Short text fragments from websites:
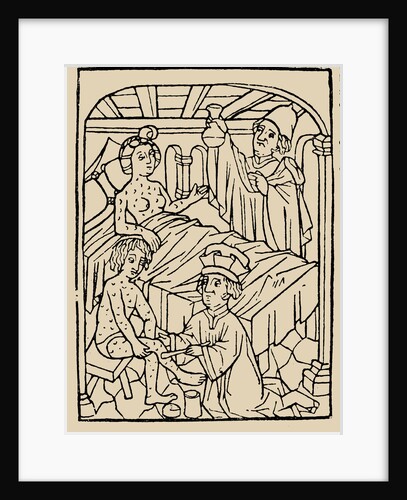 Syphilis treatment: Treatment with ointments (mercury). From: A Malafranczos morbo gallorum preserv by Anonymous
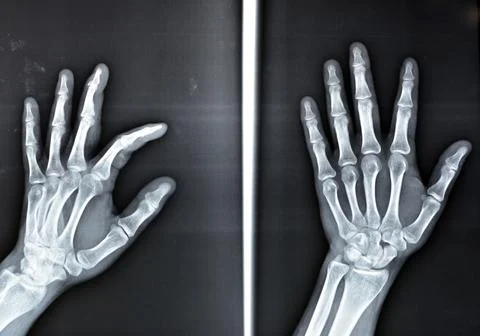Plain x ray shows avulsion fracture base of the distal phalanx of middle finger Stock Photos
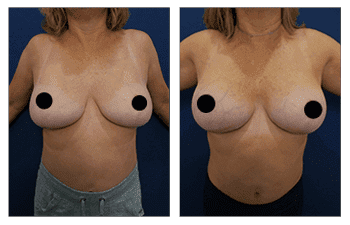A woman's breast before and after Breast Augmentation surgery. A woman's breast before and after Breast Augmentation surgery.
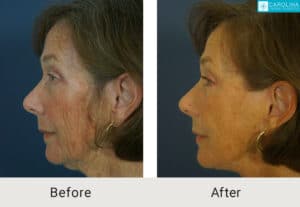 Kulbersh_Before-After-Facelift_with_Facial Fat_Grafting_LARGE_06-1-2023-4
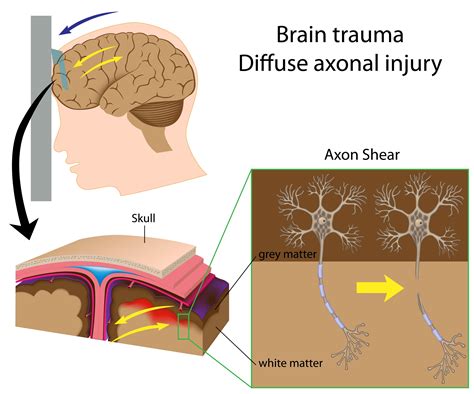 Diffuse Brain Injury – Scottish Acquired Brain Injury Network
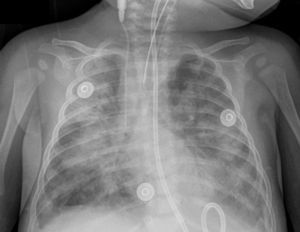 Radiografía de tórax anteroposterior con infiltrados intersticiales bilaterales.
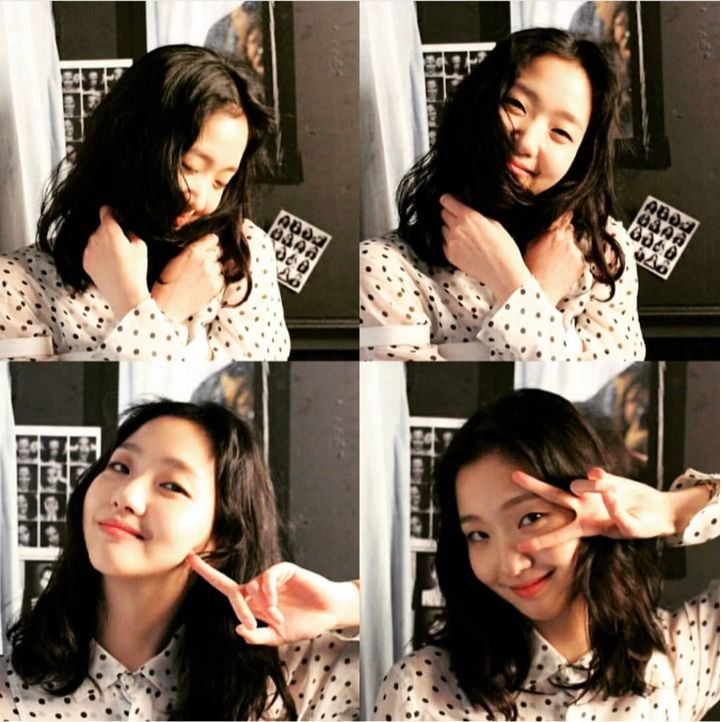 单眼皮怎么整容变双眼皮,嫌弃自己双眼皮小怎么办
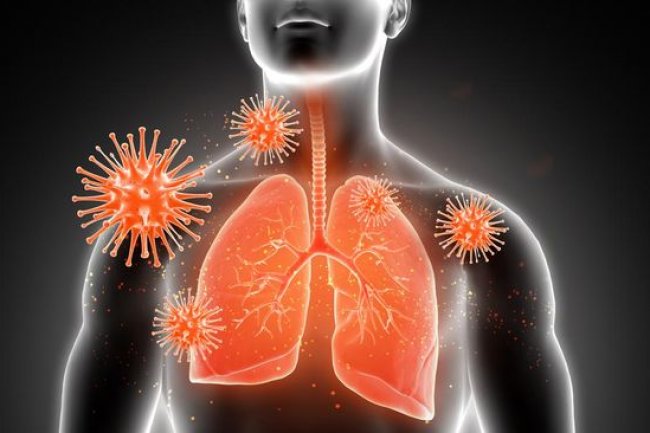 Sudah Ada Kasus Mycoplasma Pneumoniae di DKI, Ini Kata Dinkes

• [Task directions]: Quote the records above exactly, leaving out any pictures.

• [Response for this exercise]:
 Syphilis treatment: Treatment with ointments (mercury). From: A Malafranczos morbo gallorum preserv by Anonymous
Plain x ray shows avulsion fracture base of the distal phalanx of middle finger Stock Photos
A woman's breast before and after Breast Augmentation surgery. A woman's breast before and after Breast Augmentation surgery.
 Kulbersh_Before-After-Facelift_with_Facial Fat_Grafting_LARGE_06-1-2023-4
 Diffuse Brain Injury – Scottish Acquired Brain Injury Network
 Radiografía de tórax anteroposterior con infiltrados intersticiales bilaterales.
 单眼皮怎么整容变双眼皮,嫌弃自己双眼皮小怎么办
 Sudah Ada Kasus Mycoplasma Pneumoniae di DKI, Ini Kata Dinkes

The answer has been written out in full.